Seh ich fast genauso, die vorgestellten Nintendo Spiele interessieren mich aber anscheinend mehr als dich. Golden Sun   NSMB   Mario Galaxy 2   

Was kommt eigentlich exklusiv für den PC?


----------



## Bonkic (3. Juni 2009)

*AW: [Offizieller E3- Community- Thread] Neuankündigungen, Termine, Streams etc.*

offizieller *alan wake e3- trailer*:

http://www.youtube.com/watch?v=Hfr79iMRAS0&eurl=http%3A%2F%2Fwww.consolewars.de%2Fnews%2F25042%2Fder_offizielle_alan_wake_e3-trailer%2F&feature=player_embedded


----------



## Bonkic (3. Juni 2009)

*AW: [Offizieller E3- Community- Thread] Neuankündigungen, Termine, Streams etc.*

Project Natal video hands-on, impressions, and further details (engadget.com)

[...]Obviously, Microsoft is still working out kinks and perfecting this thing, but what we saw at our demo (and super-secret demo) was mightily convincing. The demo that Sony showed of its new motion controller was interesting, but the fact that Natal is forgoing physical controls of any kind sets your mind reeling. For the other two competitors in this space, Natal could make a very, very strong rival. Ultimately it's up to developers to find truly compelling ways of using this stuff -- though they'd be fools to waste an opportunity like this.[...]


----------



## oceano (3. Juni 2009)

*AW: [Offizieller E3- Community- Thread] Neuankündigungen, Termine, Streams etc.*

Ist eigentlich davon auszugehen, dass jetzt noch irgendwas neues gezeigt wird? Oder haben bereits alle ihr Pulver verschossen?   

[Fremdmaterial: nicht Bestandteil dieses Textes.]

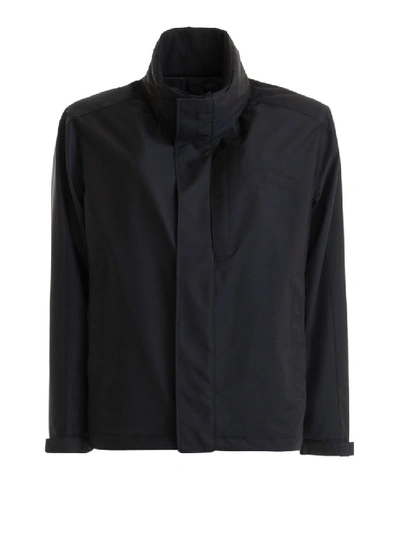 Shop Brioni Black Wool And Nylon Blend Jacket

Ich finde, dass es insgesamt dann doch nicht soooooviel neues Bild- und Videomaterial gab. Vor allem weil auch vieles schon im Vorfeld geleaked wurde. Das beeindruckendste Videomaterial kam imo von
Uncharted2
Assassins Creed 2
und das SW: Old Republic Intro.   

bei letzterem könnt ich jetzt übrigens noch mehr k*tzen, dass es nur ein MMO wird. Solche Cinematics in einem SP RPG oder Action Game - das wärs doch


----------



## McDrake (3. Juni 2009)

*AW: [Offizieller E3- Community- Thread] Neuankündigungen, Termine, Streams etc.*



			
				oceano am 03.06.2009 22:37 schrieb:
			
		

> bei letzterem könnt ich jetzt übrigens noch mehr k*tzen, dass es nur ein MMO wird. Solche Cinematics in einem SP RPG oder Action Game - das wärs doch


Mir wärs auch egal, wenn "nur" nen Film gäbe, der so aussehen würde.
Der kurze Trailer hatte 100x mehr Spannung und Atmosphäre als "Clone Wars"
*grummel*


----------



## Bonkic (3. Juni 2009)

*AW: [Offizieller E3- Community- Thread] Neuankündigungen, Termine, Streams etc.*



			
				McDrake am 03.06.2009 22:40 schrieb:
			
		

> Mir wärs auch egal, wenn "nur" nen Film gäbe, der so aussehen würde.
> Der kurze Trailer hatte 100x mehr Spannung und Atmosphäre als "Clone Wars"
> *grummel*




absolut richtig, ich bin kein ausgesprochener star wars fan, aber der trailer war sowohl technisch als auch atmosphärisch so ziemlich das beste, was es seit langer, langer zeit zu sehen gab.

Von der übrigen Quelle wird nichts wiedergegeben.